River gauge offers security to flood victims

ANDOVER — Everyone has memories related to Mother’s Day. But some in the region remember one year more vividly than the rest: 2006, when they were forced to evacuate their homes in rowboats after a brutal rainstorm pushed the Merrimack and Shawsheen rivers well beyond their limits.

The flooding, which turned a portion of Route 28 through Andover and the surrounding property into a mile-long pond, caused more than $2.5 million in damages, not including what insurance companies wouldn’t cover, according to North Main Street resident J. Barry Mahoney.

“That was really horrible.
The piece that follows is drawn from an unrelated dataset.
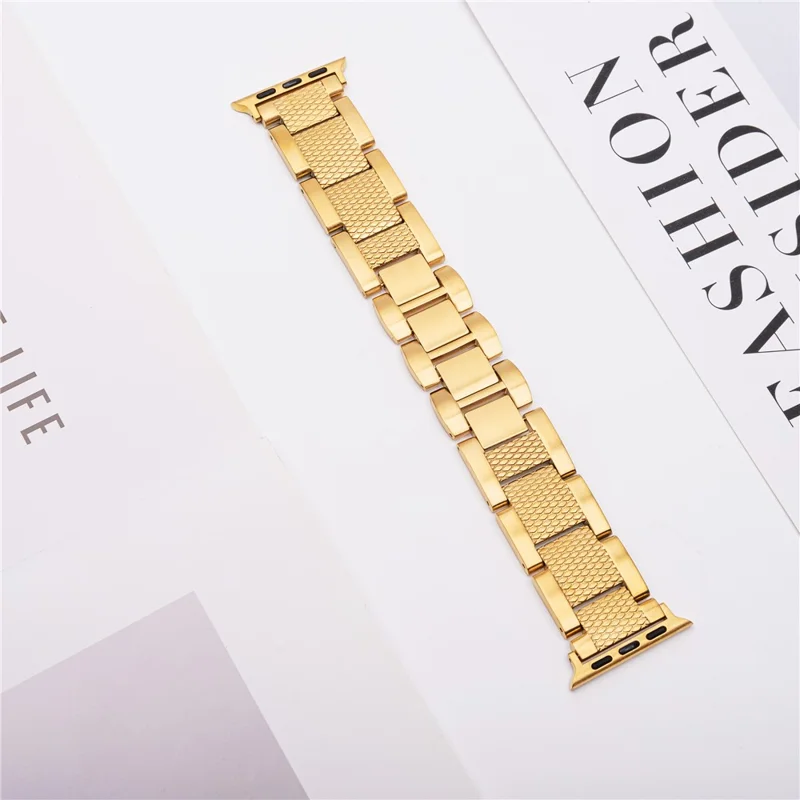 3-Bead Watch Strap for Apple Watch Series 10 9 8 7 SE 6 5 4 3 2 1 42mm 41mm 40mm 38mm Stainless Steel Wrist Band - Gold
We had no warning,” said Connie Greenwood of Washington Park Drive. “They took (residents) out in boats and trucks from the town.”

Last week, residents adjacent to the Shawsheen in the area of North Main and Balmoral streets won some assurance that they won’t end up trapped again if the river should overflow.

Town Meeting agreed to spend $60,000 in tax dollars on a stream-gauging station on the Shawsheen River to record water levels and broadcast flood warnings days in advance.

Despite opposition from the Board of Selectmen and Finance Committee, the citizens’ petition won by an overwhelming margin. The funds will allow the gauge to remain online through October 2017.

The 2006 flood caught residents by surprise. Many seniors were forced to quickly evacuate, leaving vital medications and other belongings behind with no immediate chance of returning to retrieve them, Mahoney said.

Cars throughout the area were destroyed. The showroom at Woodworth Motors at Shawsheen Square was flooded with up to 20 inches of water. Market Basket which had employees establish a wall of sandbags at each entrance, was the only retailer in Shawsheen Plaza that didn’t lose its stock.

The following year, a gauge was installed on the river at Balmoral Street. But town funding for the station was eliminated in 2010. Concerned businesses and residents agreed to cover half of the $15,000 in annual operating costs, with the federal government matching their support. Then, last June, the federal funds were lost completely.